**Exercise directions**
Reproduce the entries below exactly, but leave the pictures out.

**Extracted entries**
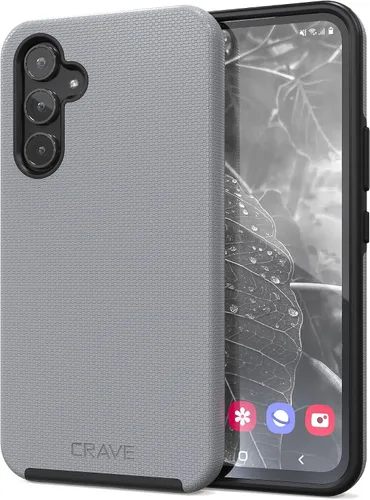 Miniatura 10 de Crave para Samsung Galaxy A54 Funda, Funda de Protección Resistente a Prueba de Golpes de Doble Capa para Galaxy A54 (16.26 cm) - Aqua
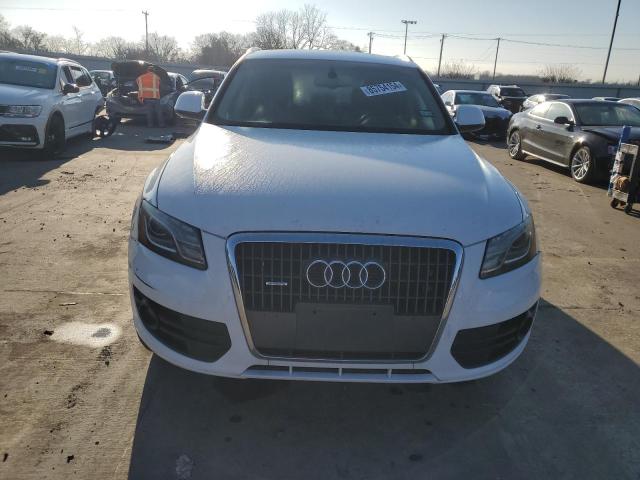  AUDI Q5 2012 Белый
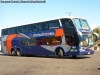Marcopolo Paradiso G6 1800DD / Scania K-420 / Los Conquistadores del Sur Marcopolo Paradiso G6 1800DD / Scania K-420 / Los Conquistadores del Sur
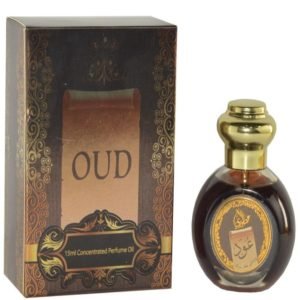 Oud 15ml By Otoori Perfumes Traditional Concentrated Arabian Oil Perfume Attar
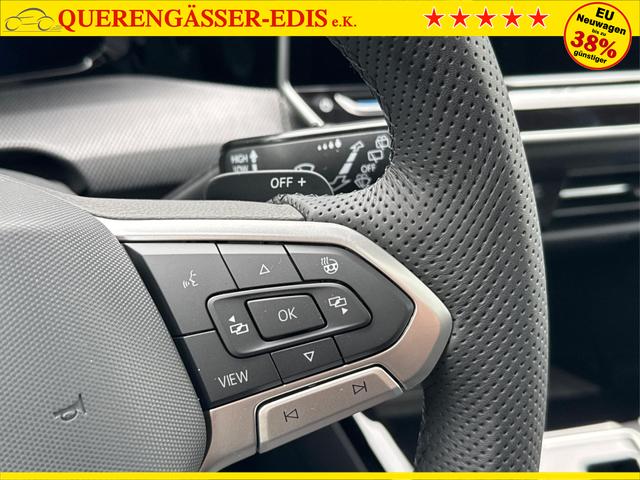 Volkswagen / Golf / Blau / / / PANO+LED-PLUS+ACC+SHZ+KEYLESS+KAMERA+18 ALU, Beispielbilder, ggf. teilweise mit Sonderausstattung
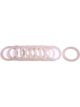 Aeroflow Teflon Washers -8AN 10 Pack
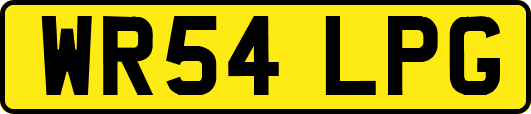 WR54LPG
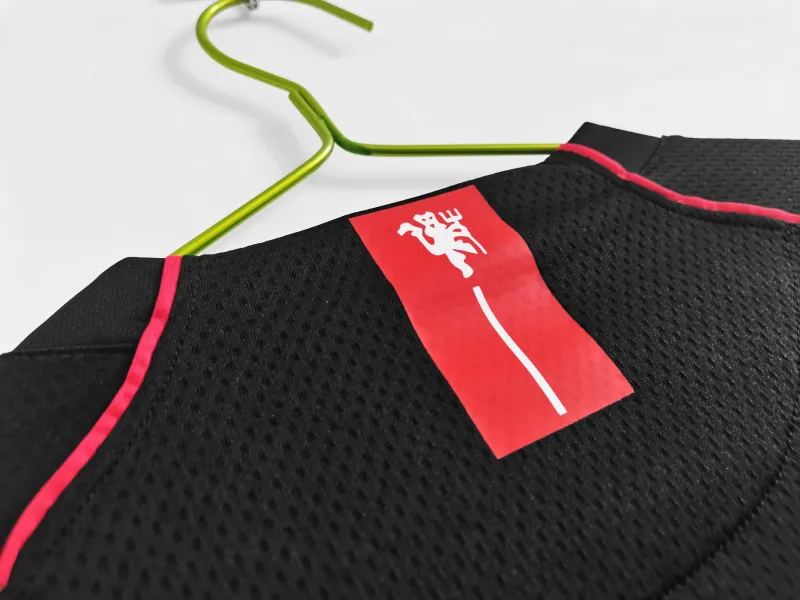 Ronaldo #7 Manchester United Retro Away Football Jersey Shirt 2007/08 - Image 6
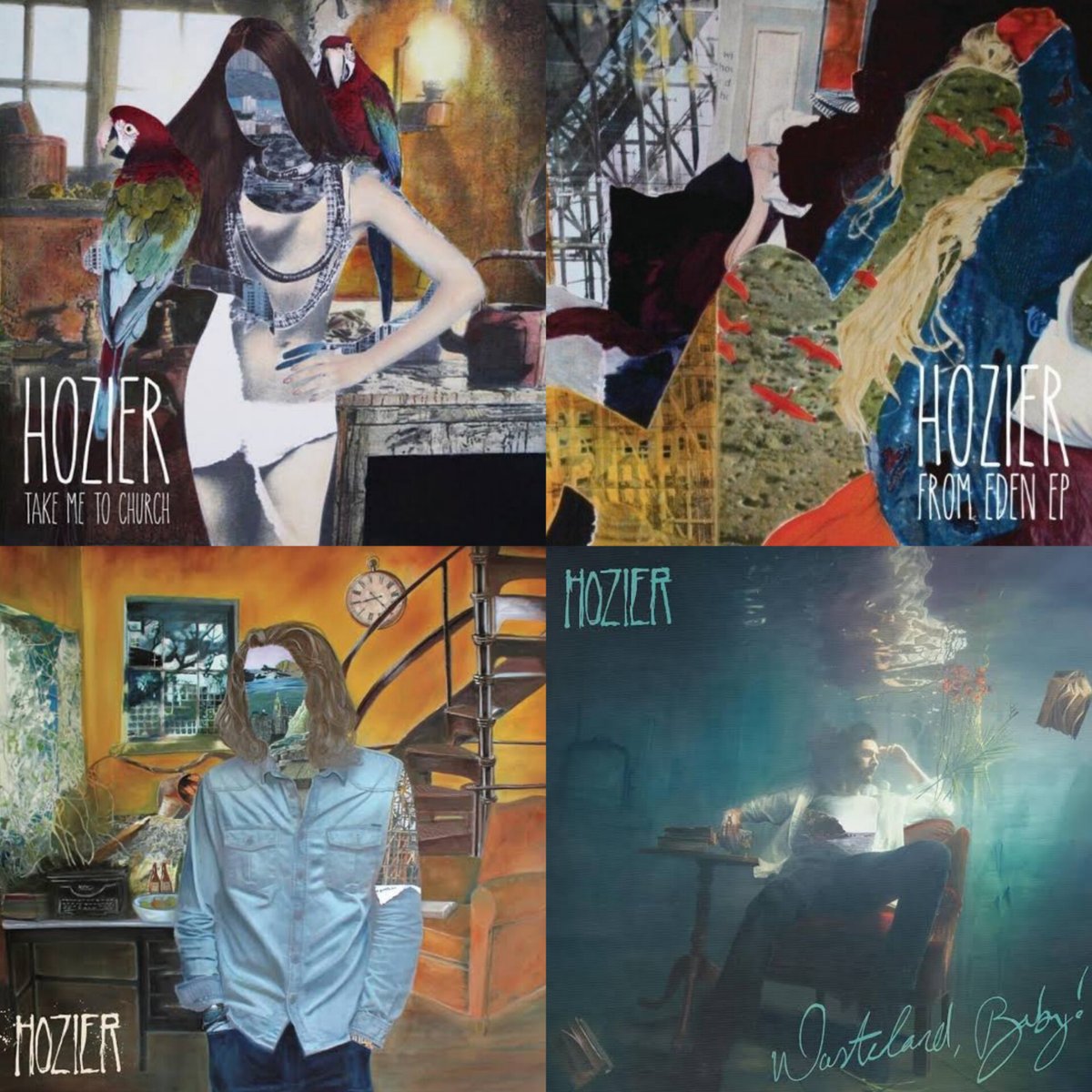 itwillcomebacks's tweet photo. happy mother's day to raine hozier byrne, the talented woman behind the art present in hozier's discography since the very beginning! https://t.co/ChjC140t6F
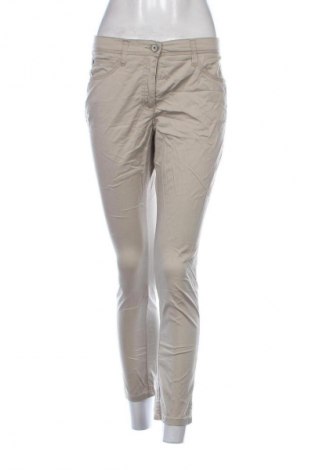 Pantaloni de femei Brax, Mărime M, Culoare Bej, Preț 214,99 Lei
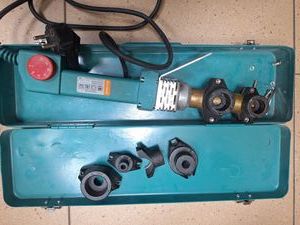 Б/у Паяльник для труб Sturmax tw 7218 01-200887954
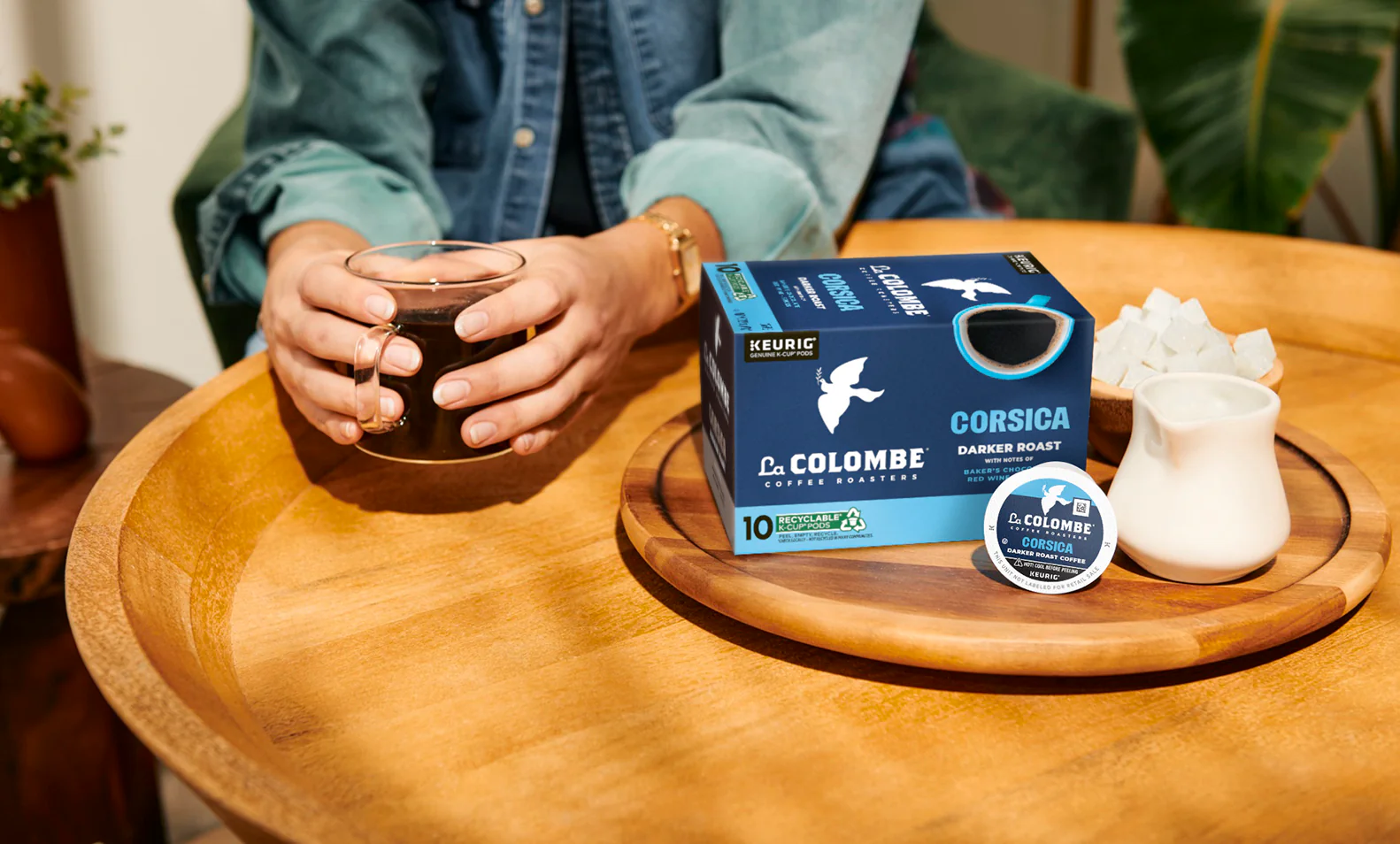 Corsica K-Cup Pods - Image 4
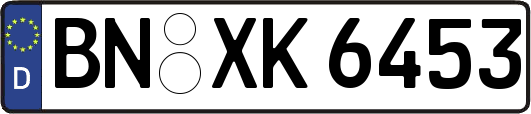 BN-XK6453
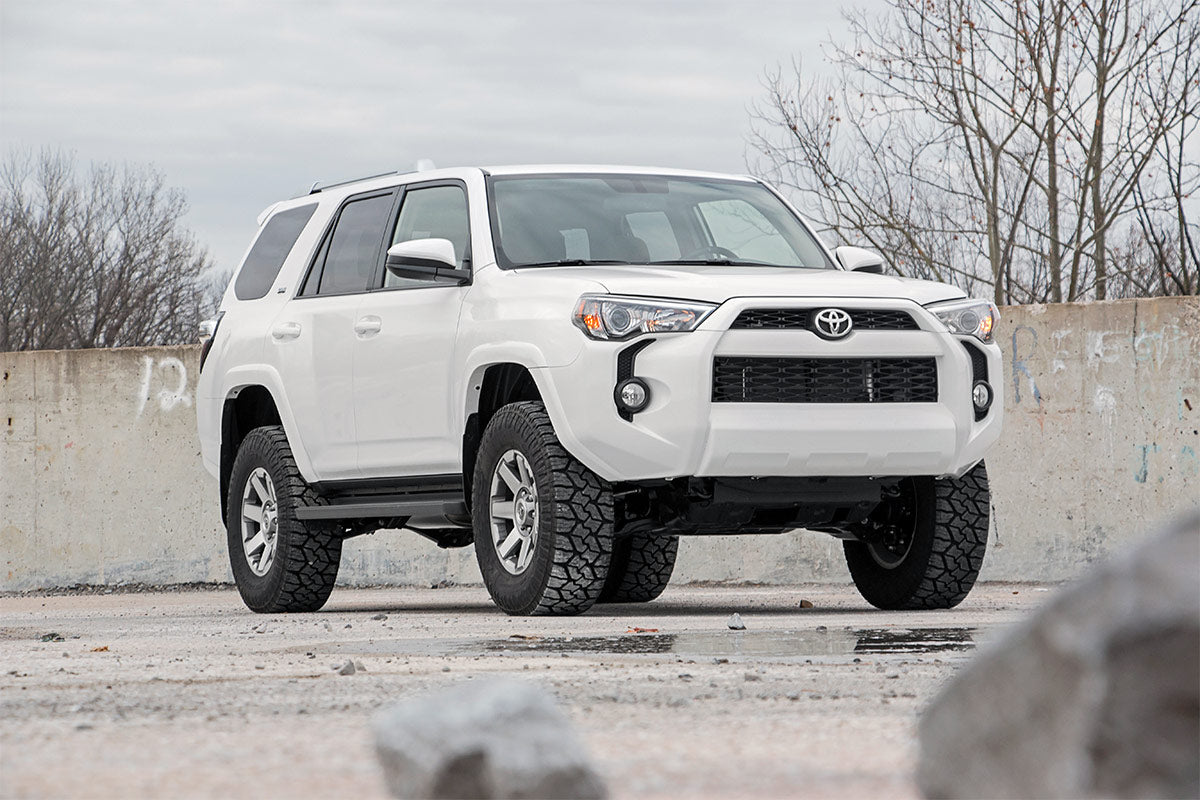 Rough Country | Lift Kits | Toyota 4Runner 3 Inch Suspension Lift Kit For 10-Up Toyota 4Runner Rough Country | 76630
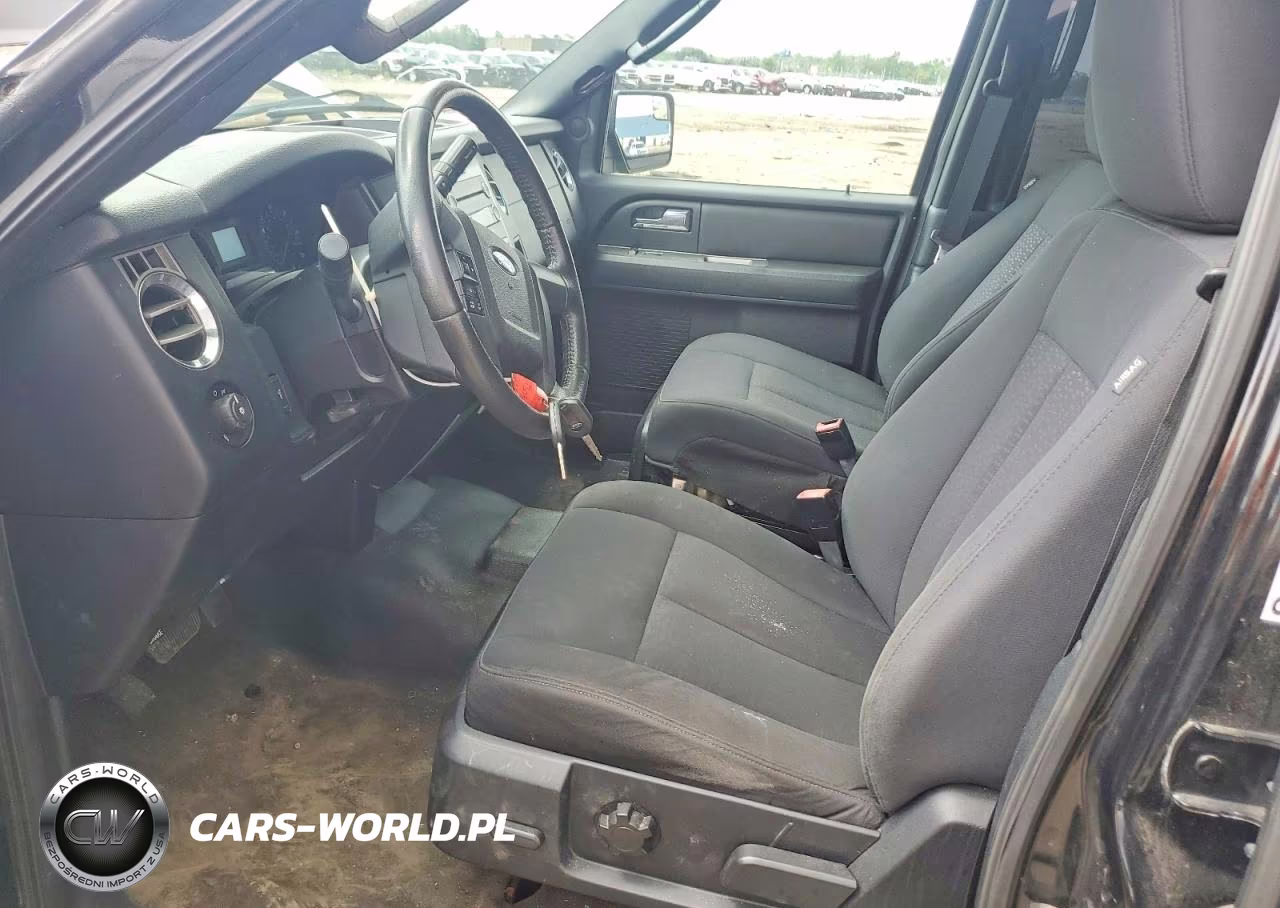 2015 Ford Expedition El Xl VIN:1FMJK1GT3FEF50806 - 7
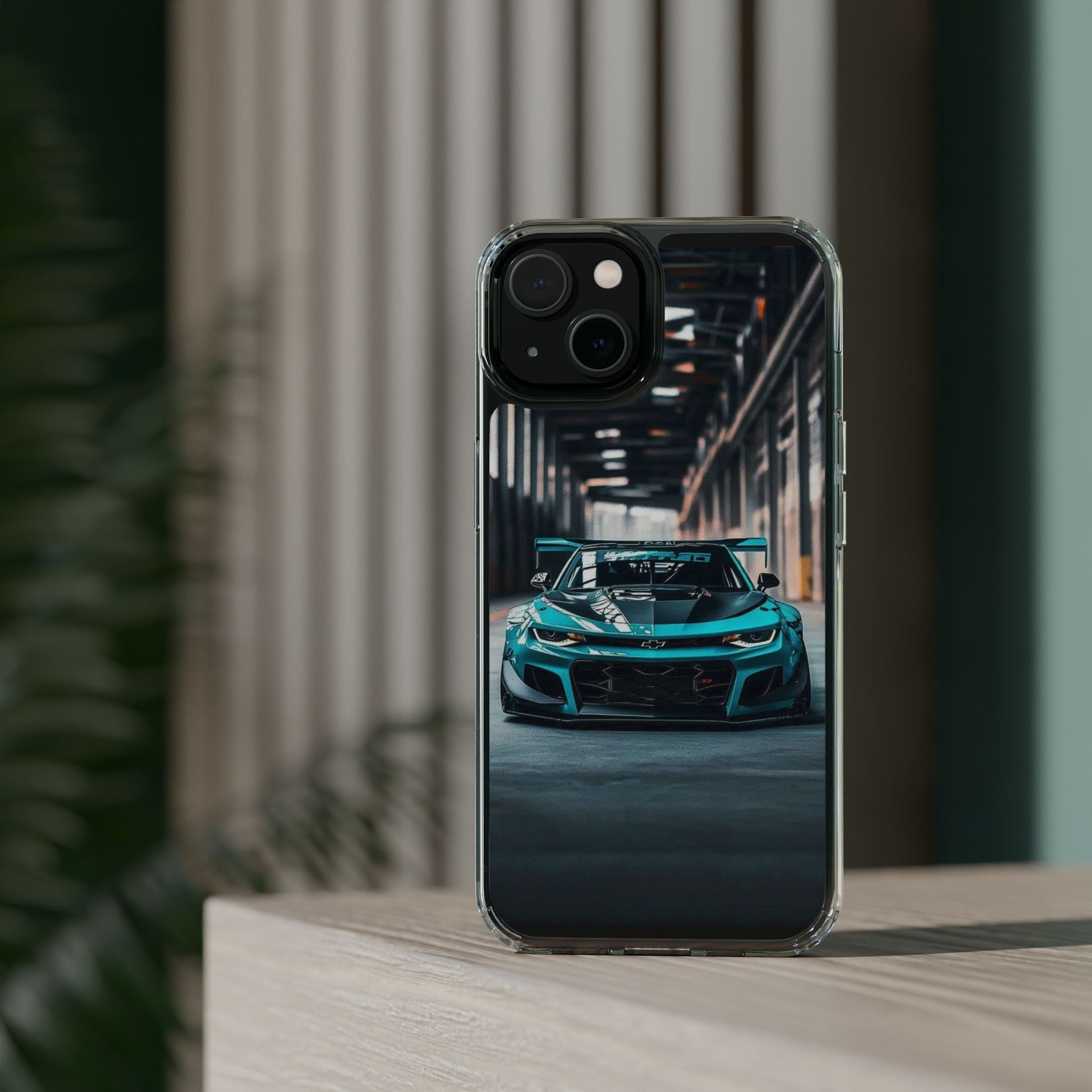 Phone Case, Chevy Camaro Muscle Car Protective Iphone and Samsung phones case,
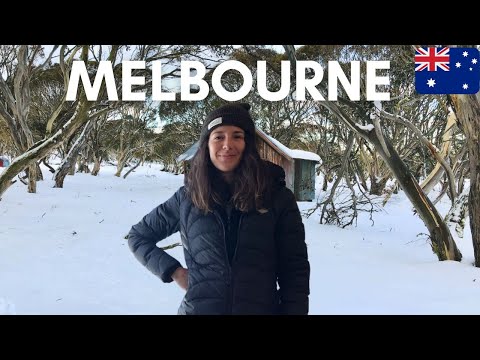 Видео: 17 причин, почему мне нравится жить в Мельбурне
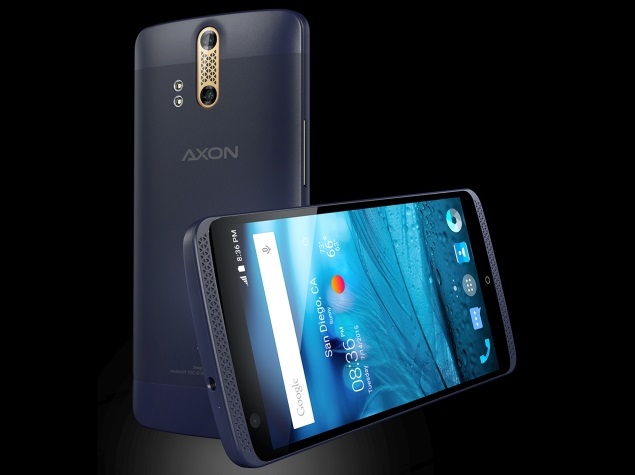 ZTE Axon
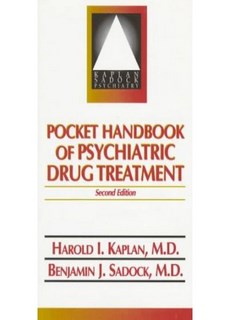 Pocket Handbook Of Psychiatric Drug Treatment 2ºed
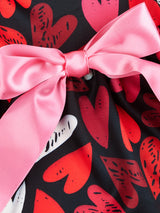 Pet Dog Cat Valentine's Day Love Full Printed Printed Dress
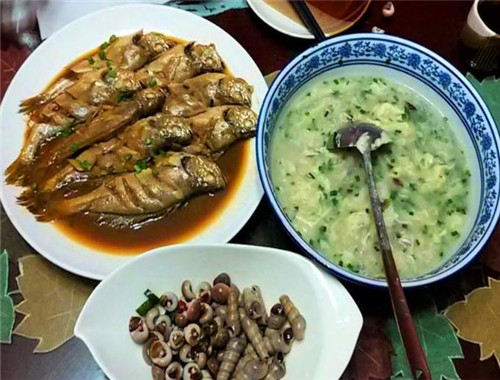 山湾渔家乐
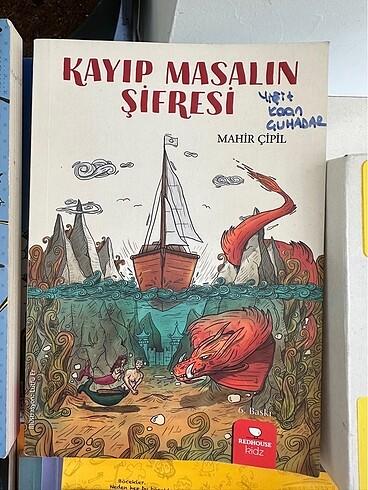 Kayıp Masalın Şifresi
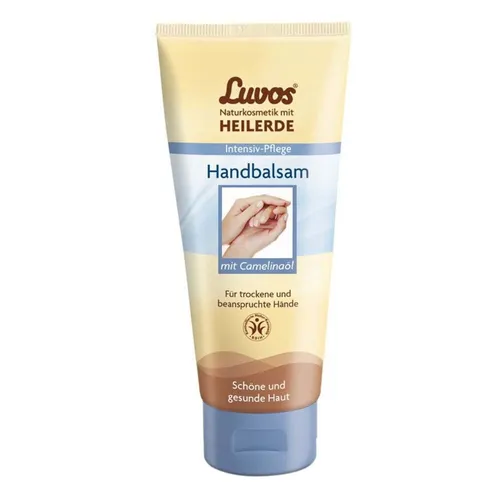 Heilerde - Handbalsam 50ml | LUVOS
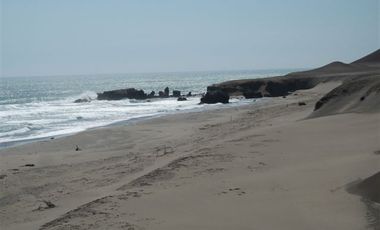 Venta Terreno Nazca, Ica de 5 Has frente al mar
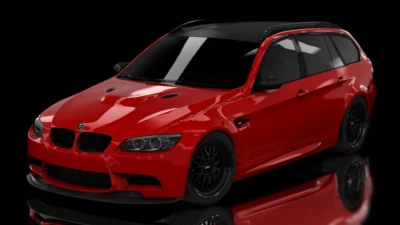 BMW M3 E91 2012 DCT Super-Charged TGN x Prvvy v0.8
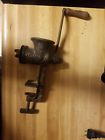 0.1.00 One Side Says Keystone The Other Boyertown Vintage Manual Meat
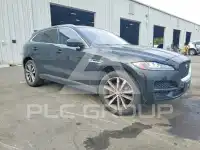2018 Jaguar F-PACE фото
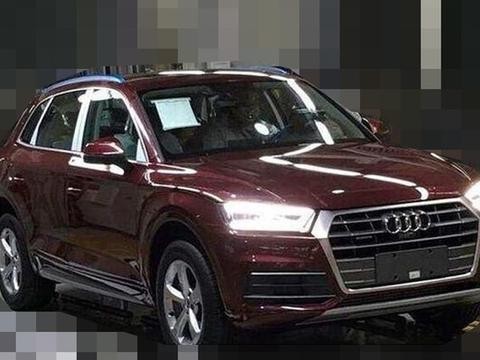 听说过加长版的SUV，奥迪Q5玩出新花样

**Solved exercise**
 Miniatura 10 de Crave para Samsung Galaxy A54 Funda, Funda de Protección Resistente a Prueba de Golpes de Doble Capa para Galaxy A54 (16.26 cm) - Aqua
  AUDI Q5 2012 Белый
Marcopolo Paradiso G6 1800DD / Scania K-420 / Los Conquistadores del Sur Marcopolo Paradiso G6 1800DD / Scania K-420 / Los Conquistadores del Sur
 Oud 15ml By Otoori Perfumes Traditional Concentrated Arabian Oil Perfume Attar
 Volkswagen / Golf / Blau / / / PANO+LED-PLUS+ACC+SHZ+KEYLESS+KAMERA+18 ALU, Beispielbilder, ggf. teilweise mit Sonderausstattung
 Aeroflow Teflon Washers -8AN 10 Pack
 WR54LPG
 Ronaldo #7 Manchester United Retro Away Football Jersey Shirt 2007/08 - Image 6
 itwillcomebacks's tweet photo. happy mother's day to raine hozier byrne, the talented woman behind the art present in hozier's discography since the very beginning! https://t.co/ChjC140t6F
 Pantaloni de femei Brax, Mărime M, Culoare Bej, Preț 214,99 Lei
 Б/у Паяльник для труб Sturmax tw 7218 01-200887954
 Corsica K-Cup Pods - Image 4
 BN-XK6453
 Rough Country | Lift Kits | Toyota 4Runner 3 Inch Suspension Lift Kit For 10-Up Toyota 4Runner Rough Country | 76630
 2015 Ford Expedition El Xl VIN:1FMJK1GT3FEF50806 - 7
 Phone Case, Chevy Camaro Muscle Car Protective Iphone and Samsung phones case,
 Видео: 17 причин, почему мне нравится жить в Мельбурне
 ZTE Axon
 Pocket Handbook Of Psychiatric Drug Treatment 2ºed
 Pet Dog Cat Valentine's Day Love Full Printed Printed Dress
 山湾渔家乐
 Kayıp Masalın Şifresi
 Heilerde - Handbalsam 50ml | LUVOS
 Venta Terreno Nazca, Ica de 5 Has frente al mar
 BMW M3 E91 2012 DCT Super-Charged TGN x Prvvy v0.8
 0.1.00 One Side Says Keystone The Other Boyertown Vintage Manual Meat
2018 Jaguar F-PACE фото
 听说过加长版的SUV，奥迪Q5玩出新花样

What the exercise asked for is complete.